DUBAI, Dec 07 (IPS) – For the first time at COP28, faith has a pavilion alongside science, technology, nations, and philanthropy, allowing religious leaders from all over the world to discuss the potential for using spiritual merits to protect the earth from climate change.
Syed Salman Chishty, representing India’s largest spiritual shrine, Ajmer Sharief, gave IPS the rationale for the pavilion: “As we gather at COP28, we are reminded of the importance of justice and compassion as guiding principles for transformation—this is the overarching theme of the event—the need for genuine change rooted in universal values found in diverse cultures.”
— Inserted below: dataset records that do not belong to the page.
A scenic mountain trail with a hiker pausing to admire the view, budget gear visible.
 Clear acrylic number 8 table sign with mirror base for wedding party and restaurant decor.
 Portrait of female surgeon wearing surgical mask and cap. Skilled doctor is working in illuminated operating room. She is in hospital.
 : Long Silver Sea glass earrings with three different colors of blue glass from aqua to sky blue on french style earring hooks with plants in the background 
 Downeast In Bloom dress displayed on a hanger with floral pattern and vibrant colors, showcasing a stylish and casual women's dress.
The Ajmer Sharief shrine is the tomb of Moinuddin Chishti, a 13th-century Iranian Sufi saint and philosopher who made India his final abode. People of all faiths venerate his shrine, which is often described as a symbol of India’s pluralism.
The Faith Pavilion at COP28 has also brought together heads of countries, religious leaders, scientists, and activists in a united front against the looming threat of climate change. Among the dignitaries present at its opening was Indian Prime Minister Narendra Modi, who stood shoulder-to-shoulder with spiritual luminaries, climate activists, and representatives of global think tanks.
The Coalition of Faith Partners and the USA both supported the initiative, which has co-hosts like the UAE’s Ministry of Tolerance and Coexistence, Judge Mohamed AbdlSalaam of the Muslim Council of Elders in Abu Dhabi, and Iyad Abumoghil, Director of Faith for Earth at the UN Environment Program (UNEP) in Nairobi.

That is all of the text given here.